● **Task prompt**
Could you retype the records word for word but without any pictures?
Material supplied: Begin
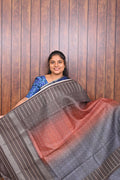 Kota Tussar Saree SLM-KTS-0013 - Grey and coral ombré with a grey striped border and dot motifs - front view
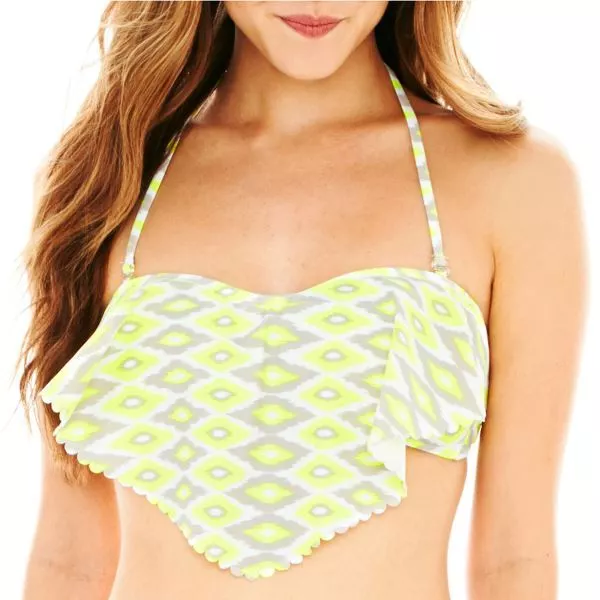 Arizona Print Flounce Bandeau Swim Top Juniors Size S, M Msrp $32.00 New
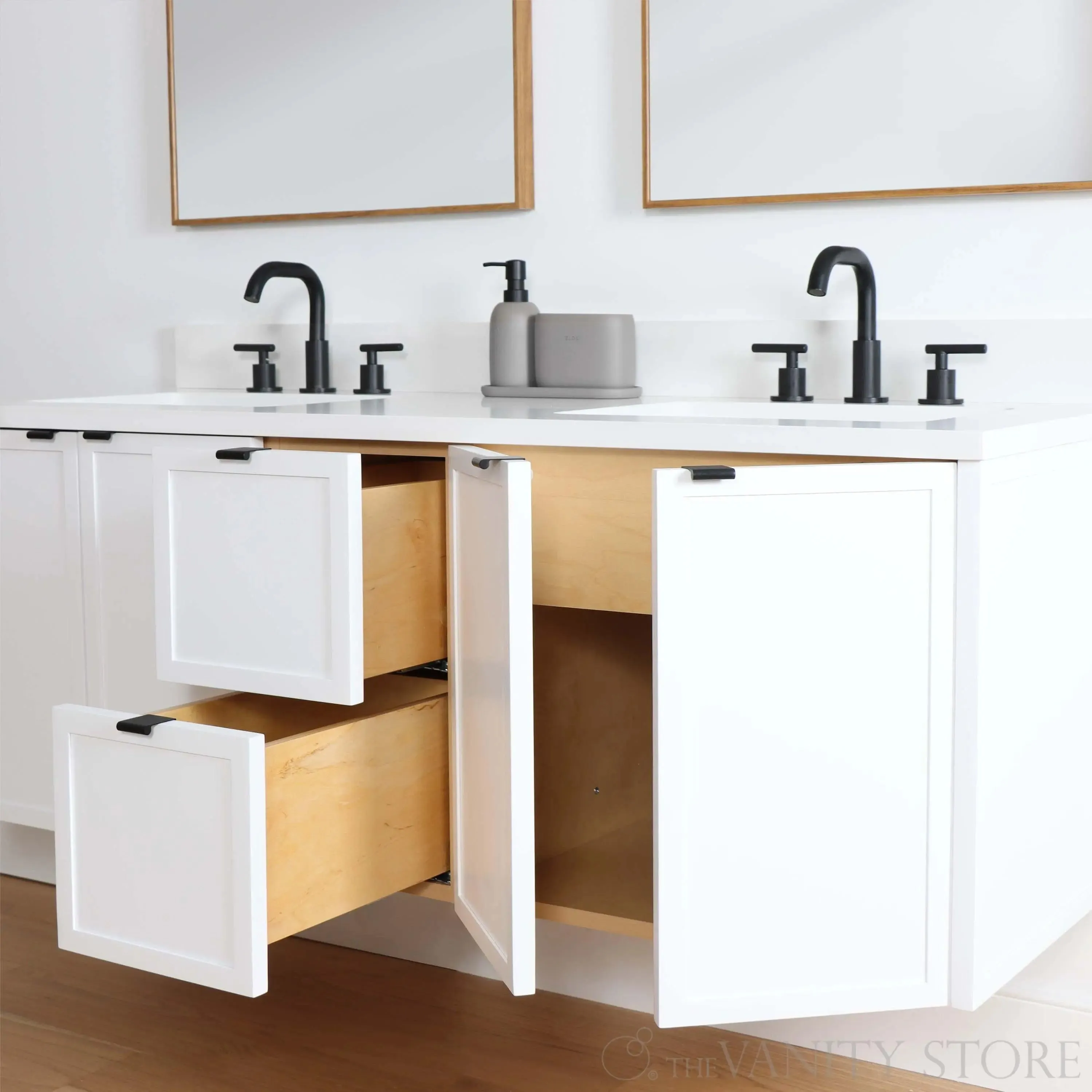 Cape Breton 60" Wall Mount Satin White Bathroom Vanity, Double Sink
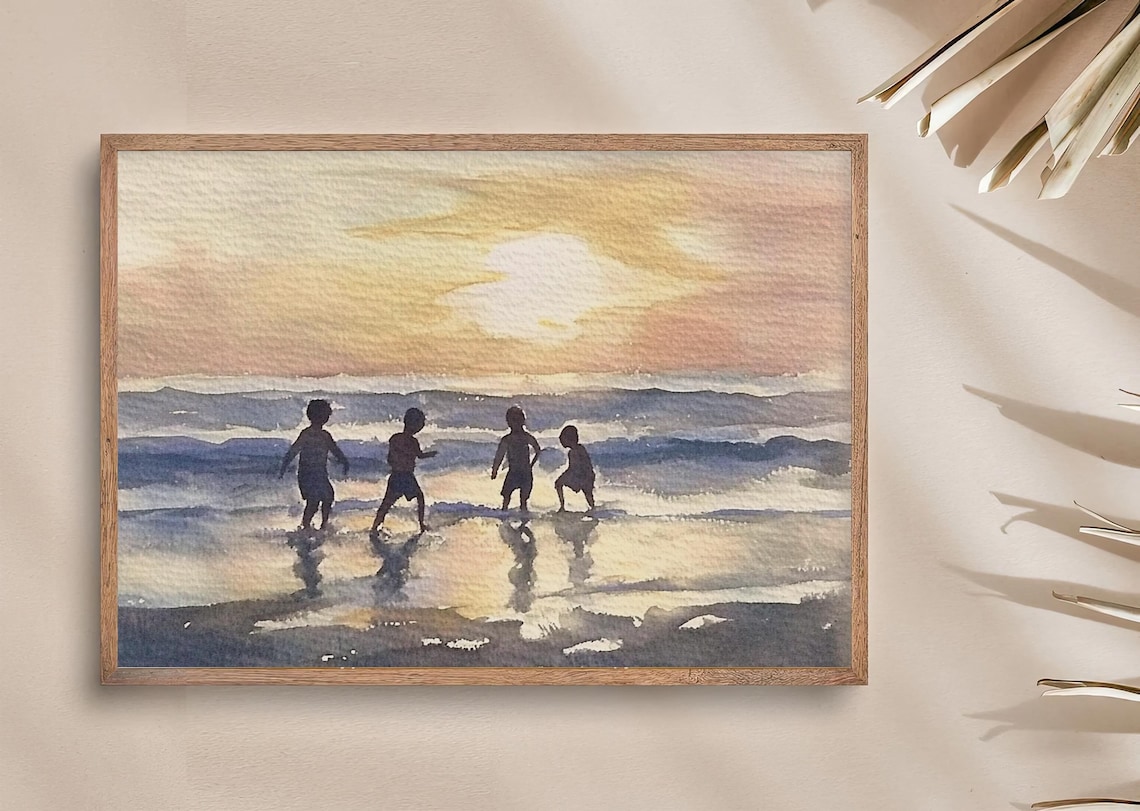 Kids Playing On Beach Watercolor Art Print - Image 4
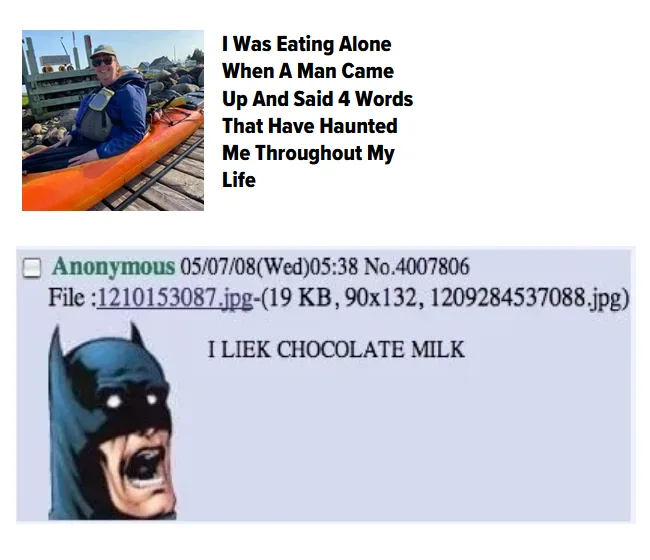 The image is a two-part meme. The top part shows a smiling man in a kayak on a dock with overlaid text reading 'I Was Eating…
Material supplied: End
● **Solution**
 Kota Tussar Saree SLM-KTS-0013 - Grey and coral ombré with a grey striped border and dot motifs - front view
 Arizona Print Flounce Bandeau Swim Top Juniors Size S, M Msrp $32.00 New
 Cape Breton 60" Wall Mount Satin White Bathroom Vanity, Double Sink
 Kids Playing On Beach Watercolor Art Print - Image 4
 The image is a two-part meme. The top part shows a smiling man in a kayak on a dock with overlaid text reading 'I Was Eating…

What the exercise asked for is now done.